====== Given data ======
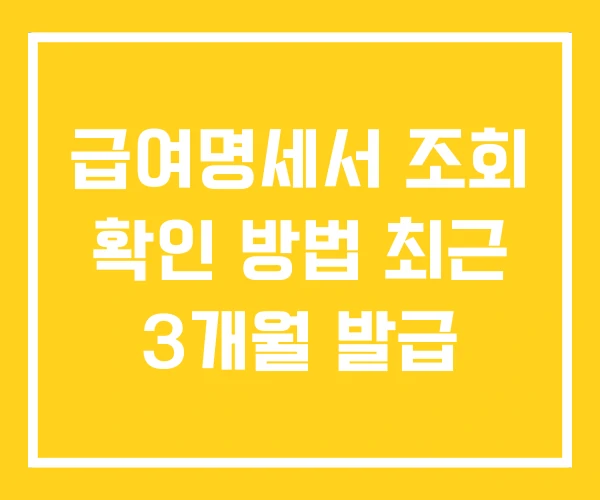 급여명세서 조회 확인 방법 최근 3개월 발급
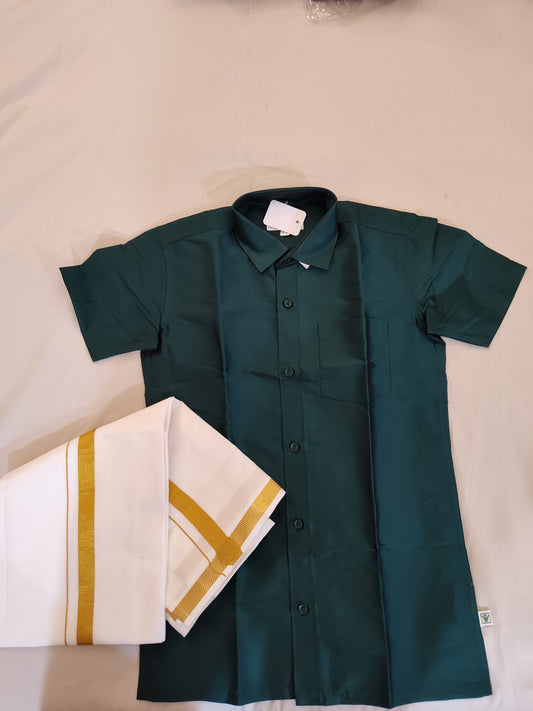 Pleasing Dark Green Color Shirt With Dhoti For Kids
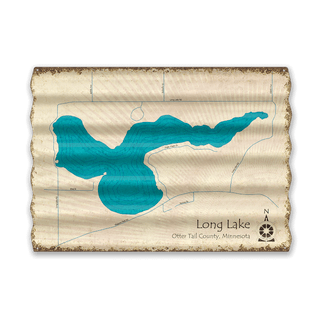 Long Lake, Otter Tail County MN - Corrugated Metal Wall Art Corrugated Wall Art Lake Art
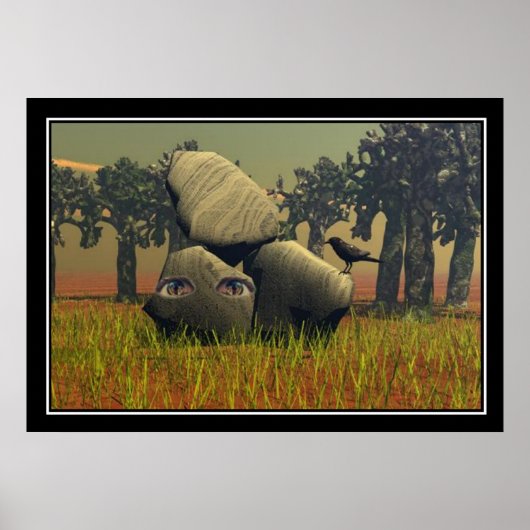 Abstracte ogen in rots poster (Voorkant)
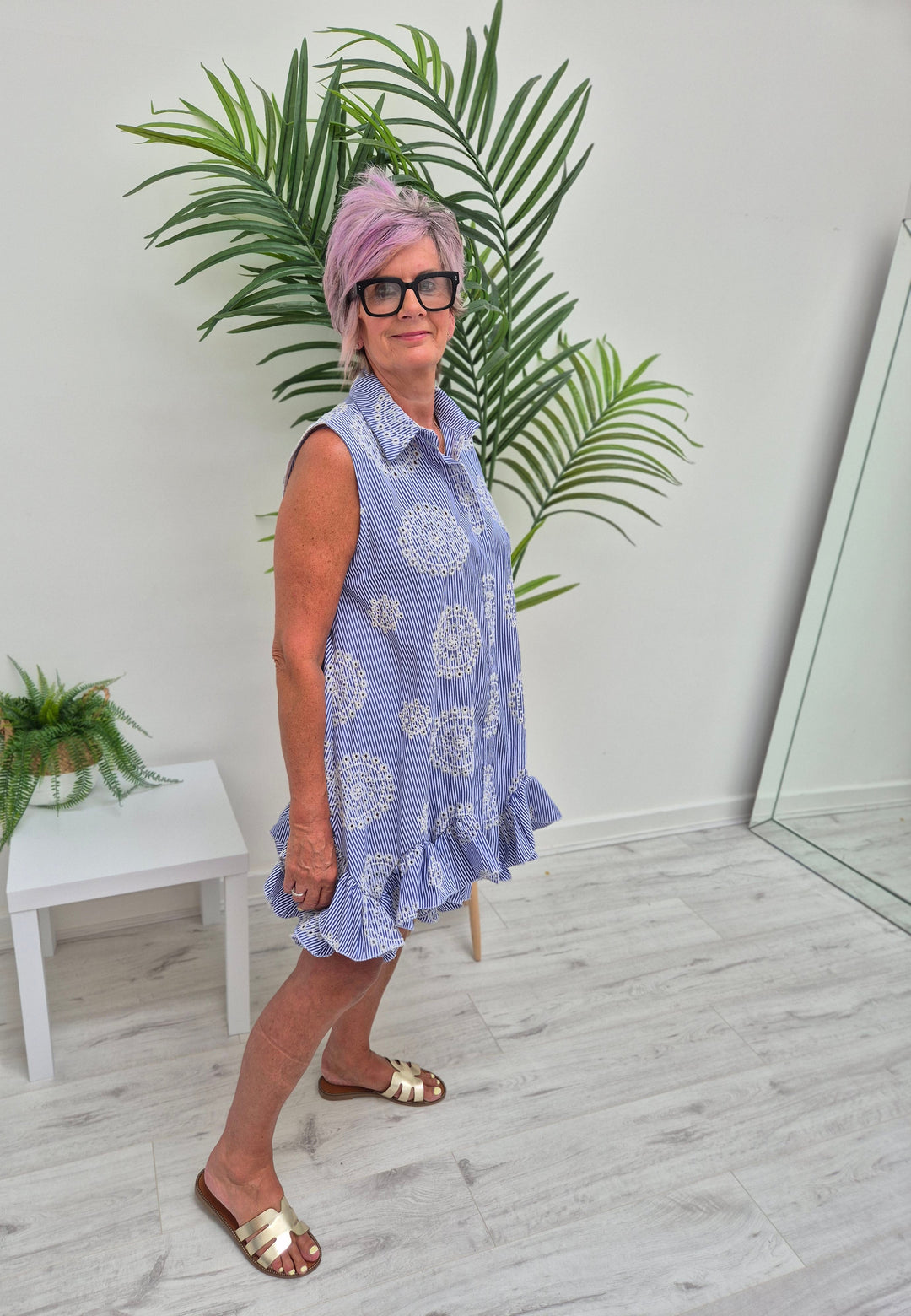 Seville Sleeveless Frilled Hem Dress - (One Size, fitting up to Size 16) - Mid Blue Broderie Anglaise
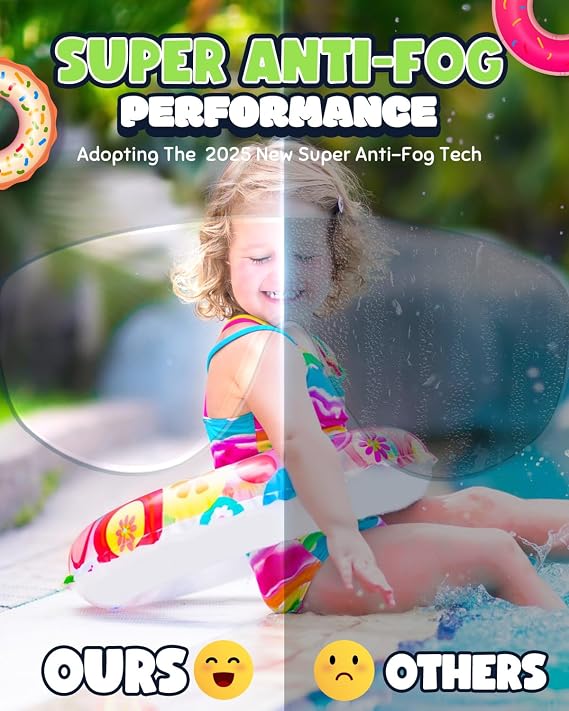 Kids Swimming Goggles 2 Pack, Anti Fog&UV Swim Goggles for Boys Girls, No Leak Pool Beach Essentials for kid 3-14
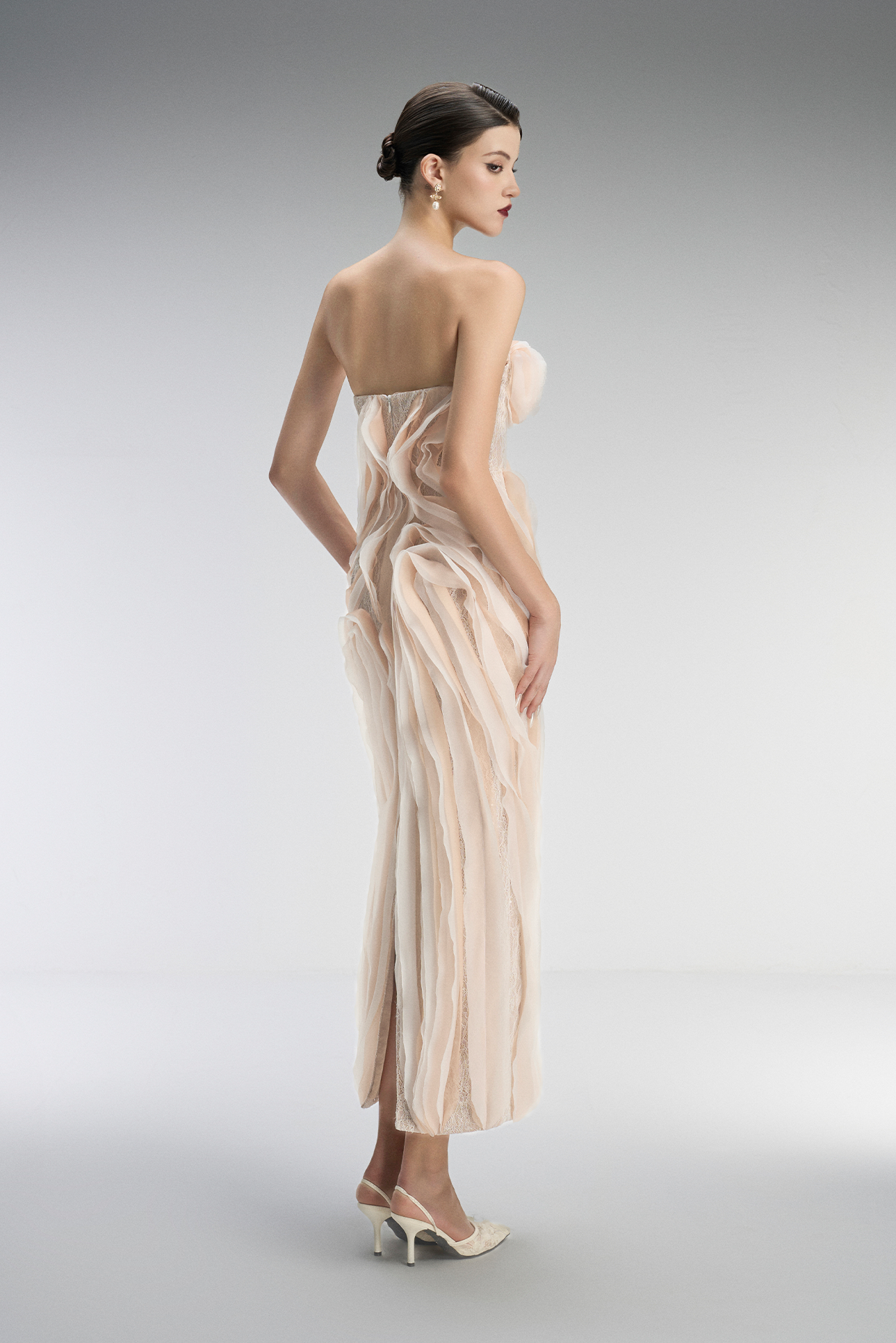 Ember Couture Dual Style Bandeau Layered 3D Roses Maxi Dress With Veil 5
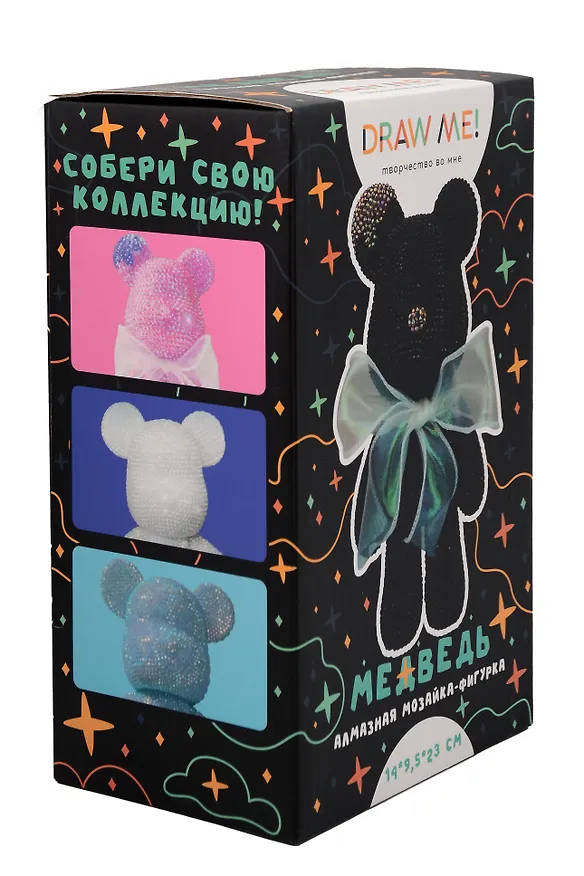Алмазная мозаика на фигурке Draw Me! "Черный мишка", (14*9,5*23 см) 3152026 — 2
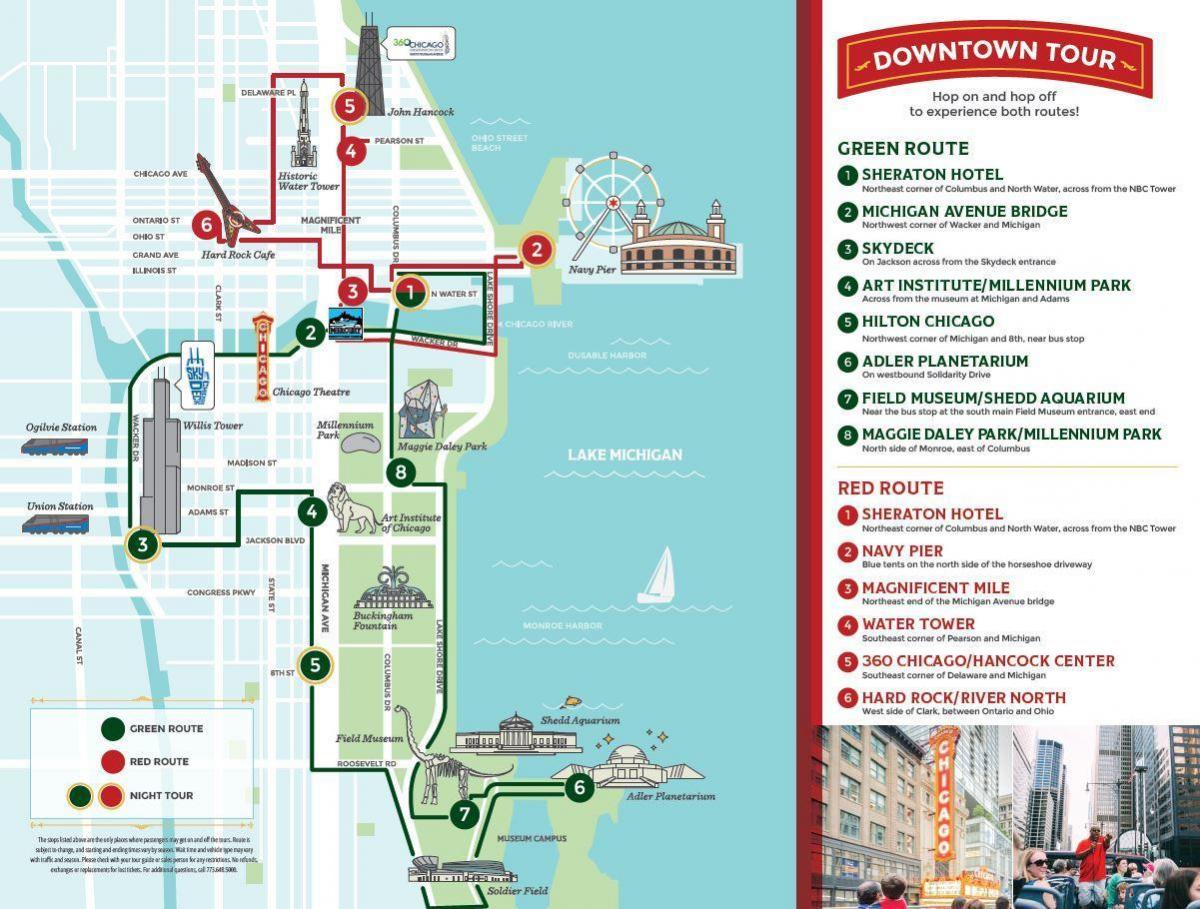 Mappa dei tour in autobus di Chicago Hop On Hop Off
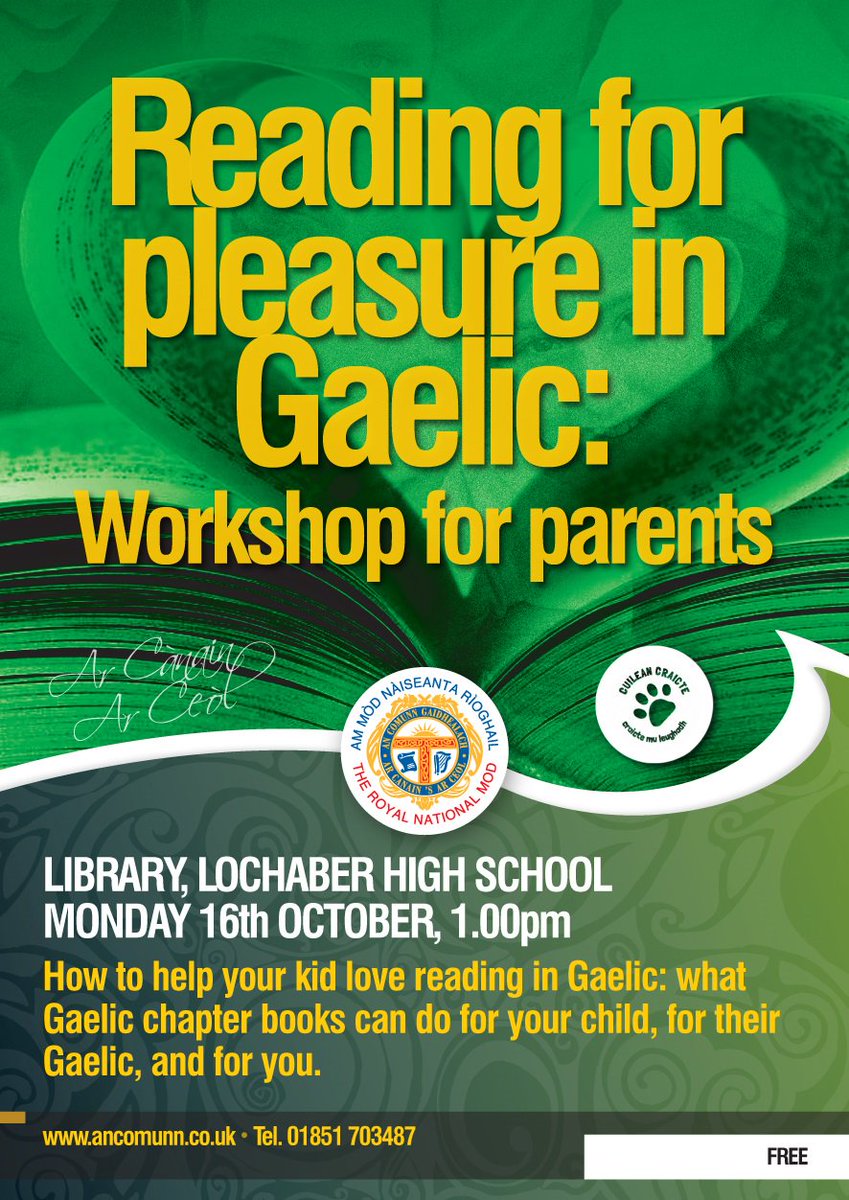 The <a href="/CuileanCraicte/">Cuilean Craicte</a> team (&amp; #OorWullie) are coming to the <a href="/NationalMod/">Mòd Nàiseanta Rìoghail ¦ Royal National Mòd</a> ´#Gaelic #readingforpleasure #UilleamAgainne cuileancraicte.org/blog/tha-an-cu…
======
Problem: For the data above, return an exact copy that contains no pictures.

Output for this exercise:
 급여명세서 조회 확인 방법 최근 3개월 발급
 Pleasing Dark Green Color Shirt With Dhoti For Kids
 Long Lake, Otter Tail County MN - Corrugated Metal Wall Art Corrugated Wall Art Lake Art
 Abstracte ogen in rots poster (Voorkant)
 Seville Sleeveless Frilled Hem Dress - (One Size, fitting up to Size 16) - Mid Blue Broderie Anglaise
 Kids Swimming Goggles 2 Pack, Anti Fog&UV Swim Goggles for Boys Girls, No Leak Pool Beach Essentials for kid 3-14
 Ember Couture Dual Style Bandeau Layered 3D Roses Maxi Dress With Veil 5
Алмазная мозаика на фигурке Draw Me! "Черный мишка", (14*9,5*23 см) 3152026 — 2
 Mappa dei tour in autobus di Chicago Hop On Hop Off
 The <a href="/CuileanCraicte/">Cuilean Craicte</a> team (&amp; #OorWullie) are coming to the <a href="/NationalMod/">Mòd Nàiseanta Rìoghail ¦ Royal National Mòd</a> ´#Gaelic #readingforpleasure #UilleamAgainne cuileancraicte.org/blog/tha-an-cu…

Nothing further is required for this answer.